Die Nato stärkt ihre Ost-Flanke

von Redaktion

Moskau/Brüssel – Im Ukraine-Konflikt nehmen die Spannungen zwischen Russland und dem Westen mit Nato, USA und EU weiter massiv zu. Die Nato bestätigte gestern Überlegungen der USA zu einer Truppenaufstockung in Bündnisstaaten in Osteuropa. Nach Angaben des US-Verteidigungsministeriums wurden rund 8500 Soldaten in erhöhte Bereitschaft versetzt. Eine Entscheidung über eine Verlegung dieser Truppen nach Europa sei aber noch nicht getroffen worden. Zudem schicken mehrere Mitgliedstaaten Schiffe und Militärflugzeuge in Richtung Osten, wie das Bündnis in Brüssel mitteilte.

Die Außenminister der 27 EU-Staaten stellten der Ukraine Unterstützung bei der Militärausbildung in Aussicht. Russland machte dagegen den Westen für die erhöhten Spannungen in dem seit Jahren schwelenden Konflikt mit dem Nachbarland Ukraine verantwortlich. Nato-Generalsekretär Jens Stoltenberg begrüßte, dass Bündnispartner zusätzliche Kräfte in die Nato einbringen. Konkret wurden Dänemark, Spanien, Frankreich und die Niederlande genannt.

So entsendet Dänemark den Angaben zufolge eine Fregatte in die Ostsee und vier F-16-Kampfflugzeuge nach Litauen. Spanien stellt Schiffe für die Nato-Seestreitkräfte bereit und erwägt die Entsendung von Kampfjets nach Bulgarien. Frankreich habe sich bereit erklärt, Truppen unter Nato-Führung nach Rumänien zu entsenden, teilte die Nato weiter mit. Die Niederlande schickten zudem ab April zwei F-35-Kampfflugzeuge nach Bulgarien und versetzten ein Schiff und landgestützte Einheiten für die Nato-Eingreiftruppe NRF in Bereitschaft. Aus Militärkreisen hieß es, es gehe vor allem darum, bereits lange vor den jüngsten Entwicklungen geplante Präsenzziele zu erreichen. Es gebe keine neuen Bündnisbeschlüsse zu Truppenaufstockungen.

Unterdessen prüft die Bundesregierung eine von Estland beantragte Genehmigung für eine Waffenlieferung an die Ukraine. Diese ist erforderlich, weil die Haubitzen aus DDR-Altbeständen mit Auflagen zunächst an Finnland verkauft und dann später von dort an Estland gegeben worden waren. „Es ist bisher keine Entscheidung dazu getroffen worden“, sagte die stellvertretende Regierungssprecherin Christiane Hoffmann.

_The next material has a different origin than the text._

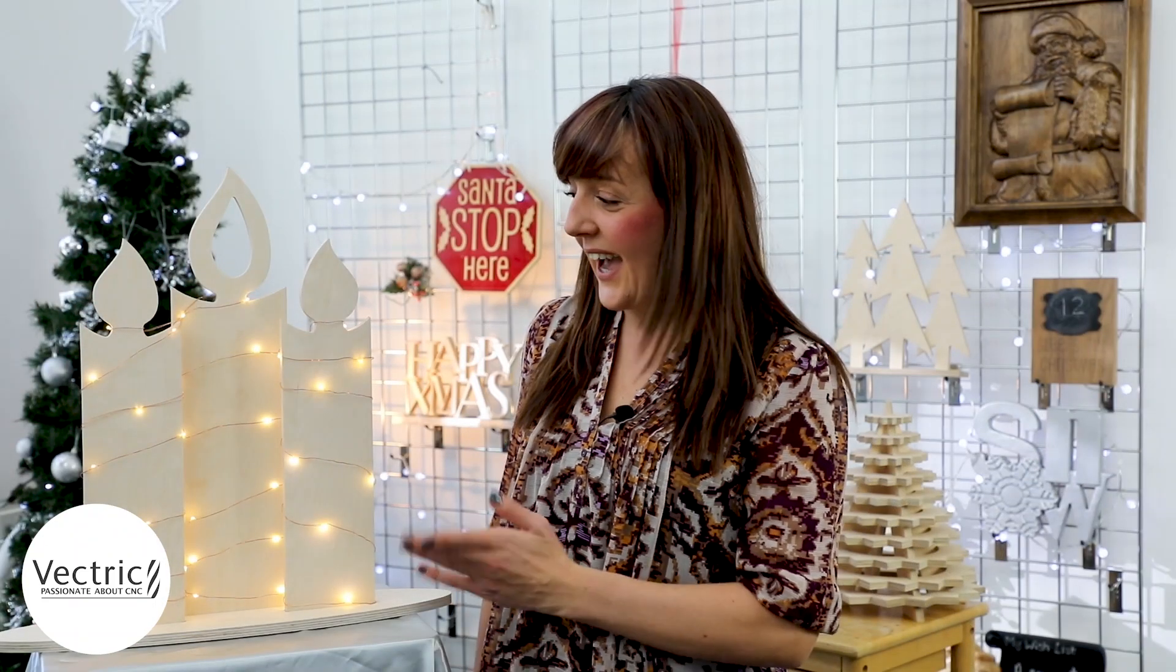So here we have our finished candle assembly. And the really nice thing about this project is it's super quick to cut and really easy to finish. And so if you want to have a go at creating this project, then simply head over to your Vectric account, and you can download the project files from there. And if you do end up creating your own version of this project, then please share that with us on the Vectric Forum or on one of our social media channels. We love to see what you're making.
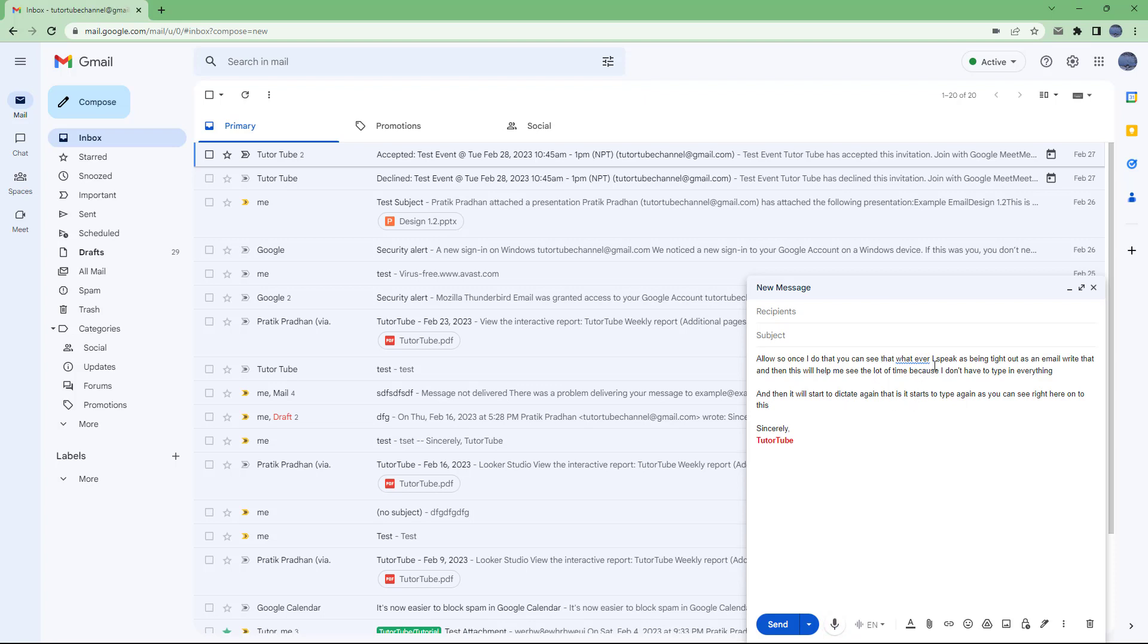And that is how you can use the dictation for Gmail extension to add in the dictation feature in Gmail. So I hope you guys learned something as always. And as always, please like, comment, share and subscribe.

Einem Bericht der „New York Times“ zufolge erwägt auch US-Präsident Joe Biden, Kriegsschiffe und Flugzeuge im Baltikum und in Osteuropa zu verlegen. Dazu bestätigte das Weiße Haus die mögliche Verlegung tausender Soldaten.

Russland drohte gestern mit Konsequenzen. Der Kreml wies zuletzt immer wieder zurück, einen Überfall auf die Ukraine zu planen. Er warf dem Westen eine antirussische „Informationskampagne“ und „Hysterie“ vor. Die wachsende Gefahr eines „Überfalls“ gehe vielmehr von ukrainischer Seite auf die von prorussischen Separatisten kontrollierten Teile der Regionen Luhansk und Donezk aus, sagte Kremlsprecher Dmitri Peskow. „Die Gefahr ist da, und sie ist jetzt sehr groß. Sie ist höher als früher.“ Die USA hatte zuletzt erklärt, russische Agenten könnten selbst einen solchen Überfall von ukrainischer Seite inszenieren, um dann einen Vorwand zu haben, in den Donbass einzumarschieren. Moskau wies das Szenario als absurd zurück.

Angesichts der Lage kündigten die USA an, ihre Botschaftspräsenz in der Ukraine zu verkleinern. Das Auswärtige Amt in Berlin finanziert Familienangehörigen von Mitarbeitern der deutschen Botschaft in Kiew eine freiwillige Ausreise. Regierungsvertreter in Kiew riefen gestern hingegenzur Ruhe auf. „Wir sehen zum heutigen Tag überhaupt keine Anhaltspunkte für die Behauptung eines großflächigen Angriffs auf unser Land“, sagte der Sekretär des nationalen Sicherheitsrats, Olexij Danilow. Für Kiew seien Truppenbewegungen auf russischer Seite im Gegensatz zum Westen keine erstaunliche Angelegenheit.